Biology:Neural top–down control of physiology
Neural top–down control of physiology concerns the direct regulation by the brain of physiological functions (in addition to smooth muscle and glandular ones). Cellular functions include the immune system’s production of T-lymphocytes and antibodies, and nonimmune related homeostatic functions such as liver gluconeogenesis, sodium reabsorption, osmoregulation, and brown adipose tissue nonshivering thermogenesis. This regulation occurs through the sympathetic and parasympathetic system (the autonomic nervous system), and their direct innervation of body organs and tissues that starts in the brainstem. There is also a noninnervation hormonal control through the hypothalamus and pituitary (HPA). These lower brain areas are under control of cerebral cortex ones. Such cortical regulation differs between its left and right sides. Pavlovian conditioning shows that brain control over basic cell level physiological function can be learned.
Higher brain
Cerebral cortex
Sympathetic and parasympathetic nervous systems and the hypothalamus are regulated by the higher brain.[1][2][3][4] Through them, the higher cerebral cortex areas can control the immune system, and the body’s homeostatic and stress physiology. Areas doing this include the insular cortex,[5][6][7] the orbital, and the medial prefrontal cortices.[8][9] These cerebral areas also control smooth muscle and glandular physiological processes through the sympathetic and parasympathetic nervous system including blood circulation, urogenital, gastrointestinal[10] functions, pancreatic gut secretions,[11] respiration, coughing, vomiting, piloerection, pupil dilation, lacrimation and salivation.[12]
Lateralization
The sympathetic nervous system is predominantly controlled by the right side of the brain (focused upon the insular cortex), while the left side predominantly controls the parasympathetic nervous system.[4] The cerebral cortex in rodents shows lateral specialization in its regulation of immunity with immunosuppression being controlled by the right hemisphere, and immunopotention by the left one.[9][13] Humans show similar lateral specialized control of the immune system from the evidence of strokes,[14] surgery to control epilepsy,[15] and the application of TMS.[16]
Brainstem
The higher brain top down control of physiology is mediated by the sympathetic and parasympathetic nervous systems in the brainstem,[1][2][3][4] and the hypothalamus.[1][17][18] The sympathetic nervous system arises in brainstem nuclei that project down into intermediolateral columns of thoracolumbar spinal cord neurons in spinal segments T1–L2. The parasympathetic nervous system in the motor nuclei of cranial nerves III, VII, IX, (control over the pupil and salivary glands) and X (vagus –many functions including immunity) and sacral spinal segments (gastrointestinal and urogenital systems).[12] Another control occurs through top down control by the medial areas of the prefrontal cortex.[1][17][18] upon the hypothalamus which has a nonnerve control of the body through hormonal secretions of the pituitary.
Immunity
The brain controls immunity both indirectly through HPA glucocorticoid secretions from the pituitary, and by various direct innervations.[19]

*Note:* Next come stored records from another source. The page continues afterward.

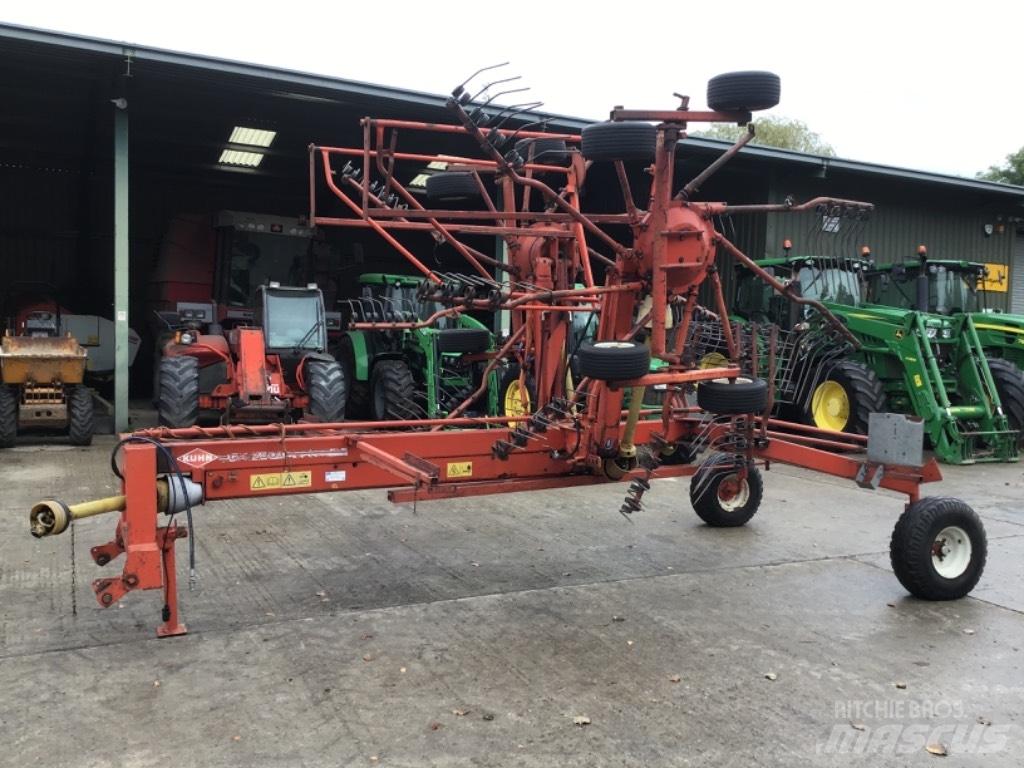 Kuhn GA 7301 Rakes and tedders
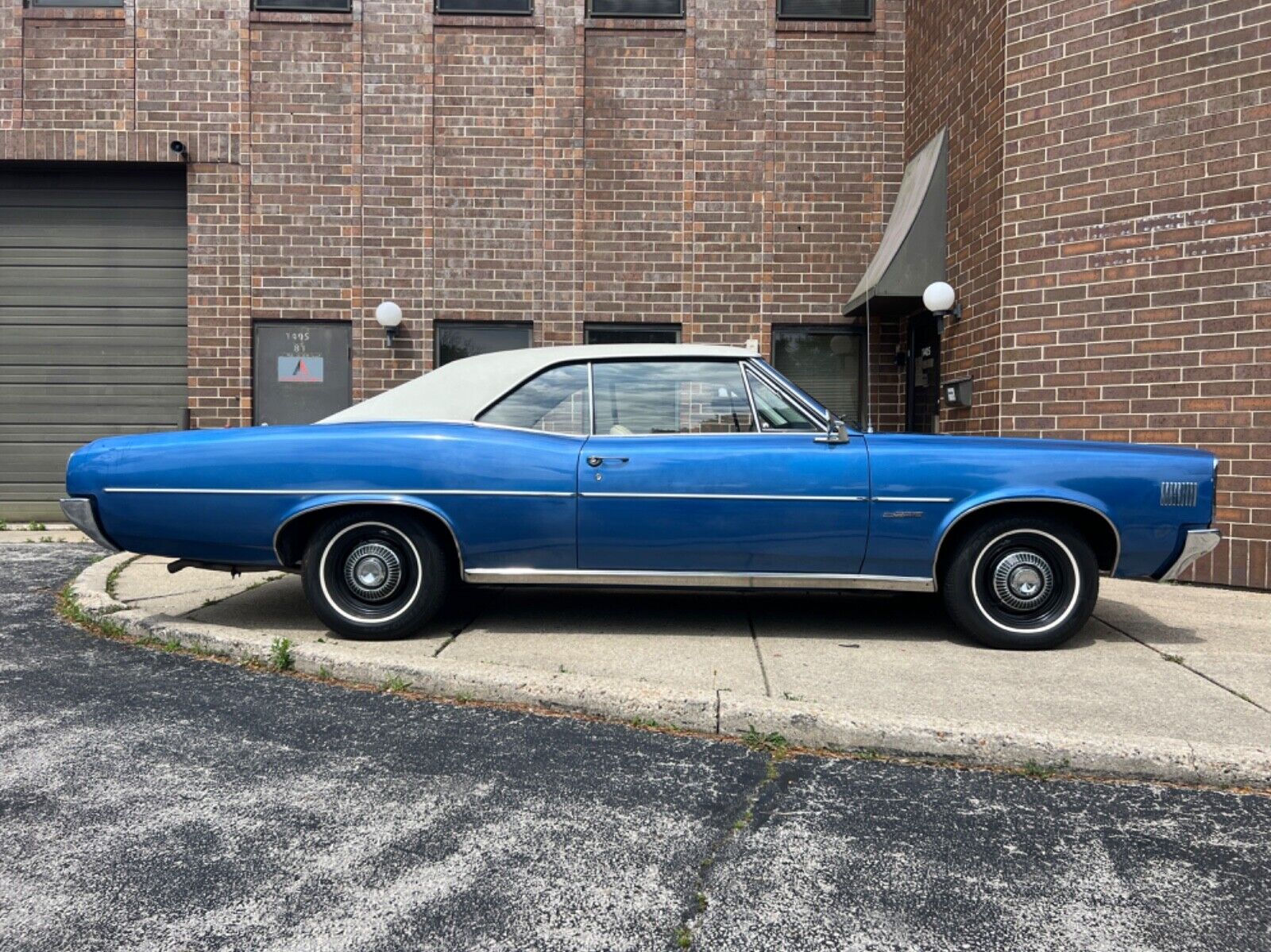 Pontiac-Le-Mans-Coupe-1966-7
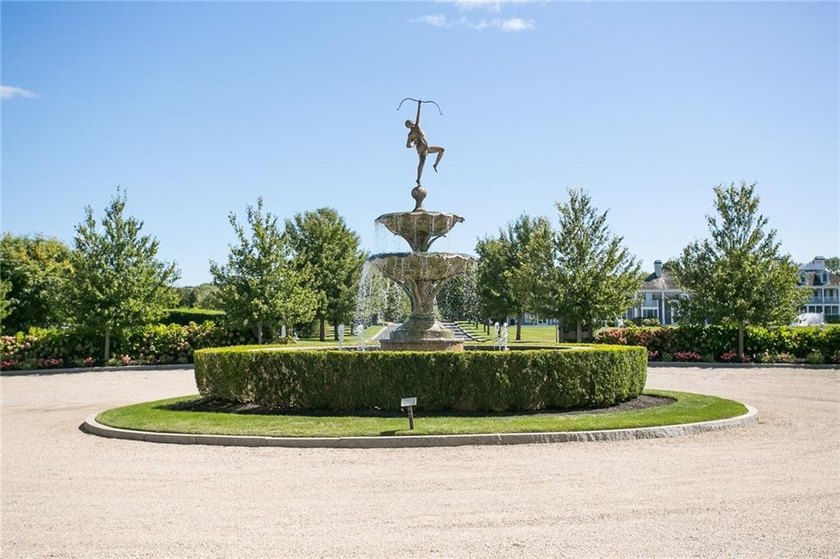 Under contract contingent on sale of buyer's property. Showing - photo 42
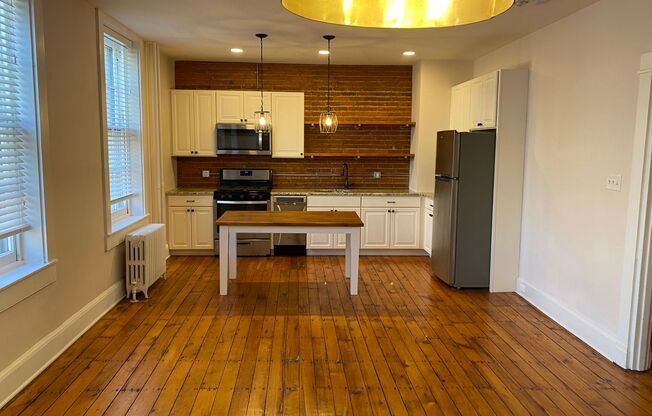 1 bed, 1 bath, $1,295, Unit Apt 3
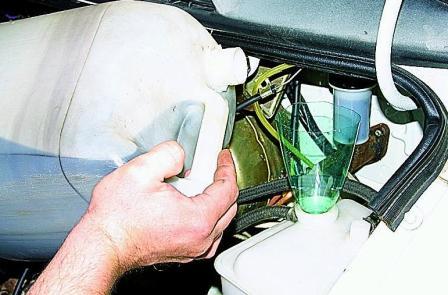 Замена охлаждающей жидкости двигателя ЗМЗ-406 автомобиля Соболь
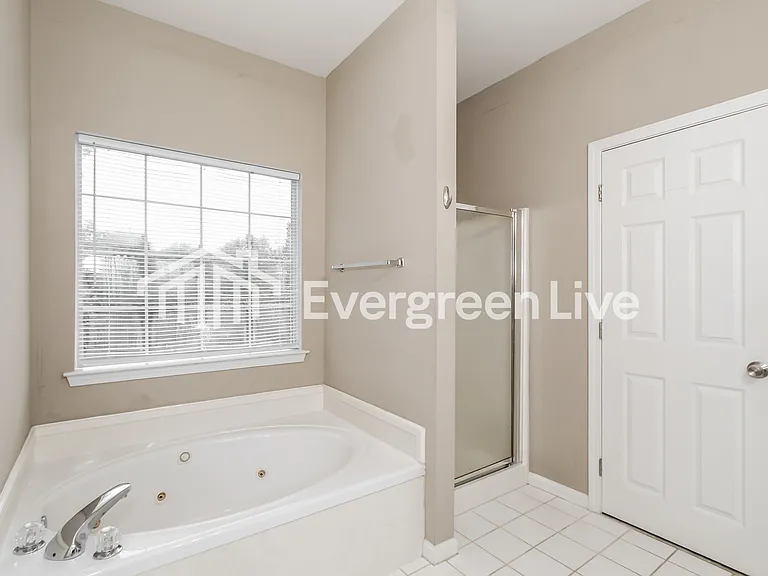 145 Hunter Hills Dr — Photo 10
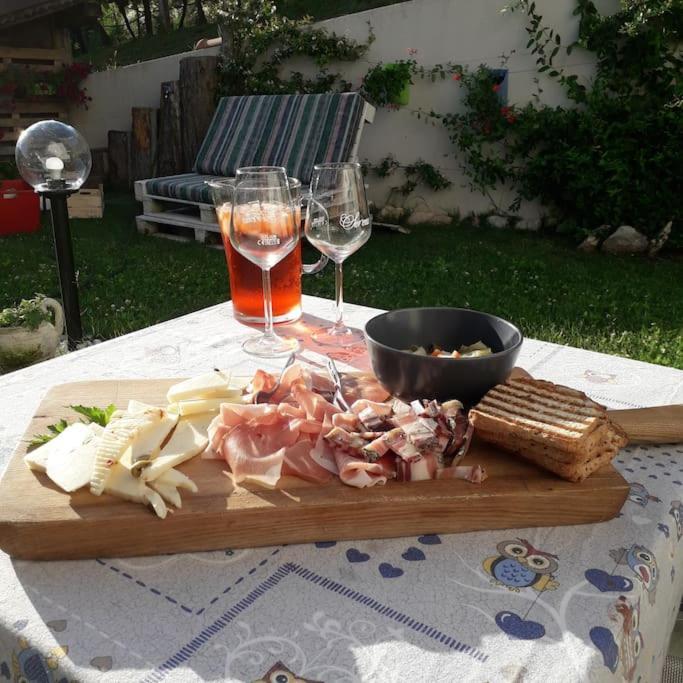 Ca Ulivi Bed & Breakfast Ala Bagian luar foto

- Antibodies. There is sympathetic innervation of the thymus gland.[20] Sympathetic control exists over antibody production,[21] and the modulation of cytokine concentrations.[22]
- Cellular immunity. An intact sympathetic nervous system is required to maintain full cellular immunoregulation as denervated mice do not produce and activate, for example, splenic suppressor T cells, or thymic NKT cells.[23]

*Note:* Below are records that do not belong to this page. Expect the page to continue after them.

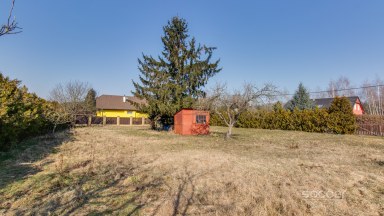 Prodej stavebního pozemku 1300 m2 v obci Záryby.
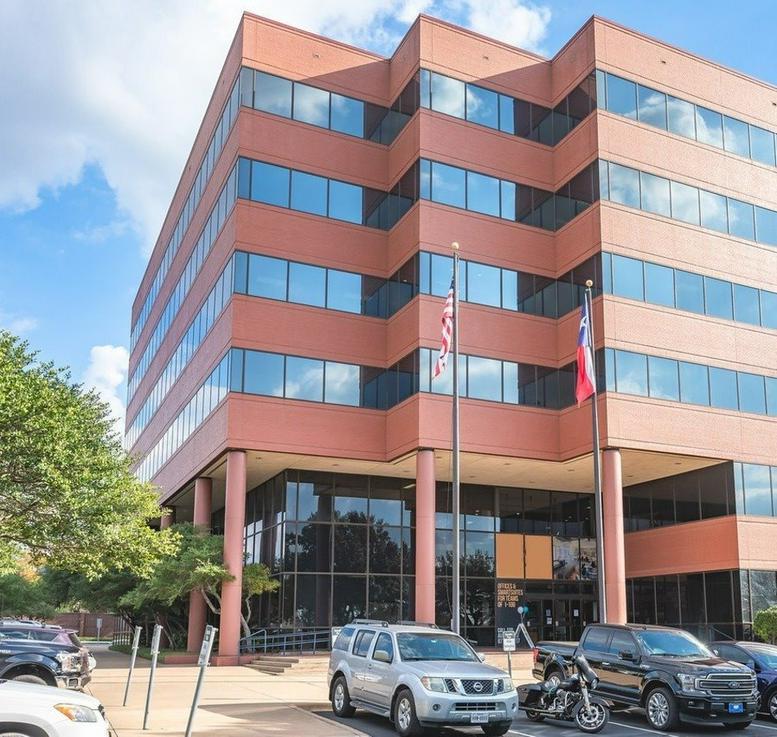 This is a photo of the office space available to rent on 14205 North Mopac Expressway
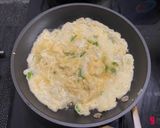 A picture of step 4 of Thai omelette (Kai Jeow).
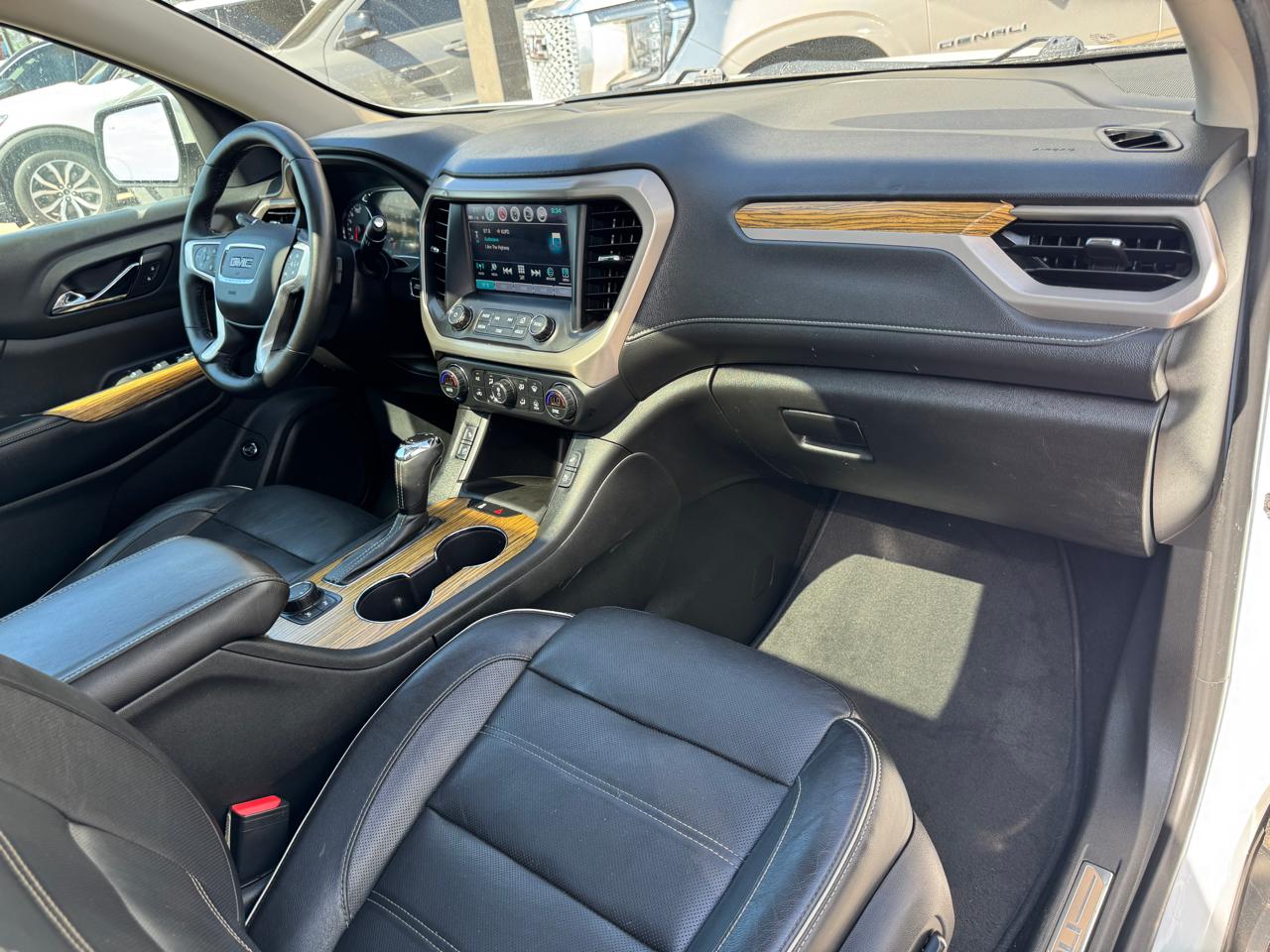 GMC Acadia AWD 4dr Denali 2017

- Organ inflammation. Sympathetic innervation of various organs[19] contacts macrophages and dendritic cells and can increase local inflammation including the kidney[24] gut,[25] the skin,[26] and the synovial joints[27]
- Antiinflammation. The vagus nerve carries a parasympathetic cholinergic antiinflammatory pathway that reduces proinflammatory cytokines such as TNF by spleen macrophages in the red pulp and the marginal zone and so the activation of inflammation.[28][29] This control is in part controlled by direct innervation of body organs such as the spleen.[30] However, the existence of the parasympathetic antiinflammatory nerve pathway is controversial with one reviewer stating: “there is no evidence for an anti-inflammatory role of the efferent vagus nerve that is independent of the sympathetic nervous system.”[31]
Metabolism
The liver receives both sympathetic and parasympathetic nervous system innervation.[32]
- Plasma glucose levels. A vagus brain-liver axis exists that detects lipids produced by the gut and acts to regulate glucose homeostasis.[10][33]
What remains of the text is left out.